Giorgio Ferrari (24 dicembre 1925 - 2010): Concerto per violino e orchestra (1966). Riccardo Brengola, violino; Orchestra Sinfonica della RSR di Ginevra diretta dall’autore.
- Andante molto moderato
- Mosso [8:36]
- Adagio [16:52]
- Presto [24:46]
L’approfondimento
di Pierfrancesco Di Vanni
Ricordo di Giorgio Ferrari
Giorgio Ferrari è stato una figura centrale nel panorama musicale italiano del Novecento, distinguendosi non solo come compositore dotato di originalità, ma anche come influente direttore didattico e organizzatore culturale, contribuendo attivamente alla vita musicale, in particolare tra Torino e Genova.
La formazione e l’affermazione come compositore indipendente
Ferrari compì gli studi a Torino, dimostrando una notevole versatilità intellettuale e artistica: conseguì la laurea in giurisprudenza e ottenne i diplomi in violino e composizione, studiando con i maestri Bellardi e Maghini. Perfezionò la preparazione seguendo anche le lezioni di direzione d’orchestra tenute da Carlo Zecchi presso l’Accademia Chigiana di Siena. Dopo un iniziale periodo dedicato all’attività di violinista, si concentrò sulla composizione. La sua opera si affermò internazionalmente già all’inizio degli anni sessanta, grazie a un linguaggio caratterizzato da originalità e libertà espressiva, tanto da essere indicato dalla critica come uno dei più interessanti compositori indipendenti della sua generazione. I suoi successi internazionali includono il Premio Serate musicali fiorentine, il premio della critica al Concorso di Divonne-les-Bains (Parigi), il primo premio al Concorso «Regina Maria José» a Ginevra e il primo premio al Concorso per quartetto d’archi di Liegi.
Opere e linguaggio musicale
La produzione di Ferrari spazia attraverso diversi generi, con un’attenzione particolare alla musica da camera, sinfonica e teatrale. Tra le sue creazioni spiccano più di venti composizioni sinfoniche e circa cinquanta opere strumentali e vocali, oltre a cinque opere liriche e di danza, tra le quali spiccano le opere Cappuccia, Lord Savile, I mantici e Il cerchio, e lo spettacolo di danza Ludus.

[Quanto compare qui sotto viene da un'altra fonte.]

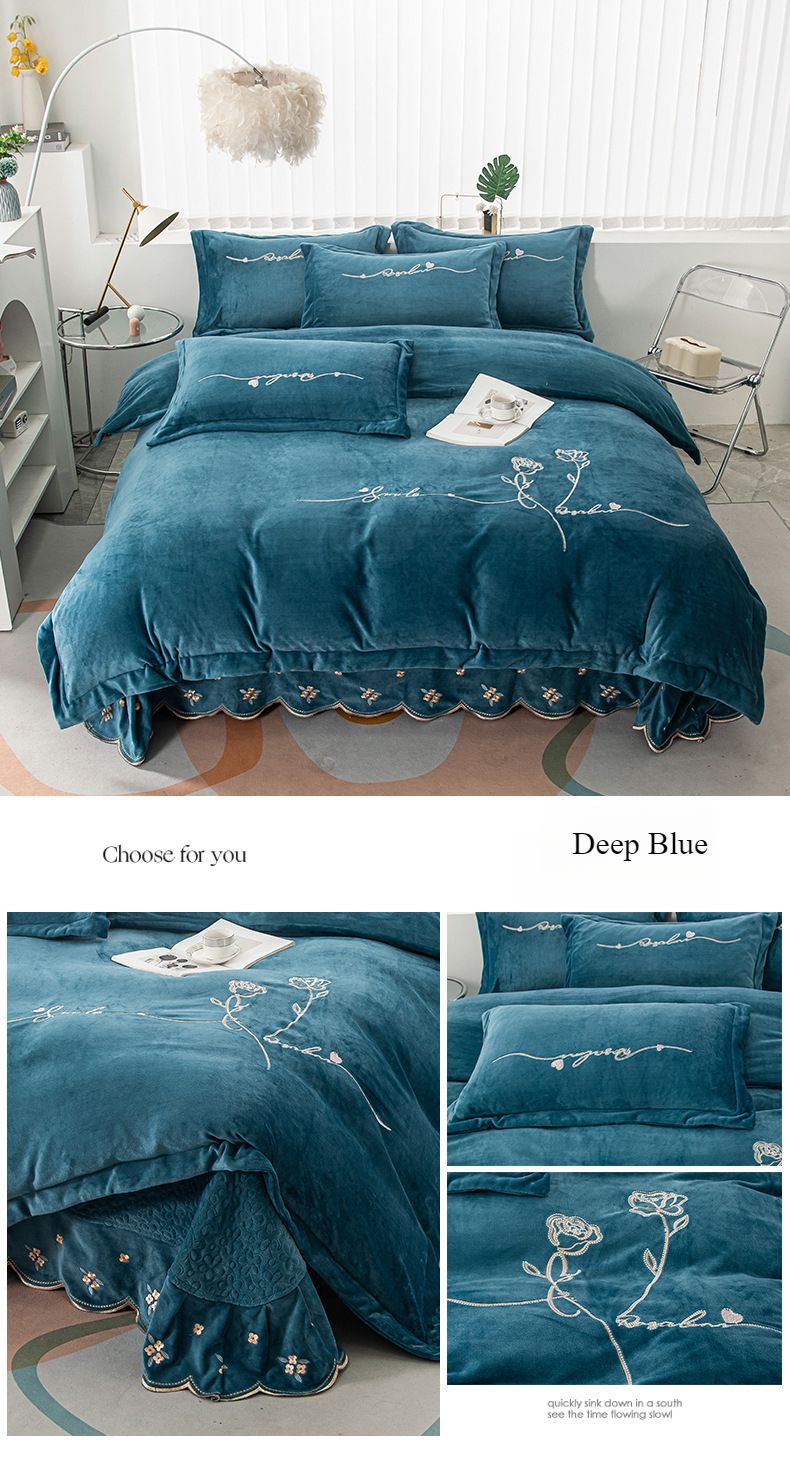 Autumn And Winter Baby Fleece Bed Cover Four-piece Set Thickened Warm Milk Fleece Encrypted Embroidery Padded Bedding_voghion.com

Il ruolo di didatta e organizzatore culturale
Accanto alla carriera compositiva e a quella di direttore d’orchestra, Ferrari dedicò grande energia alla didattica e all’organizzazione della vita musicale italiana, ricoprendo cariche di altissimo livello in istituzioni chiave. Fu direttore dell’Istituto musicale di Sassari (1961-66) e successivamente insegnante di composizione al Conservatorio di Torino. Di quest’ultima istituzione divenne direttore, mantenendo la carica per sedici anni (1978-94). Rivestì amche ruoli cruciali nella gestione degli eventi musicali, agendo come direttore artistico del Teatro Regio di Torino (1968-70) e dell’Autunno musicale trevigiano (1975-78). Dal 1987 fu direttore artistico e presidente delle giurie del prestigioso Premio «Paganini», Concorso internazionale di violino di Genova. Contribuì infine all’organizzazione del Concorso «Regina Maria José» di Ginevra, del Premio «Viotti» di Vercelli e del Concorso di Vittorio Veneto.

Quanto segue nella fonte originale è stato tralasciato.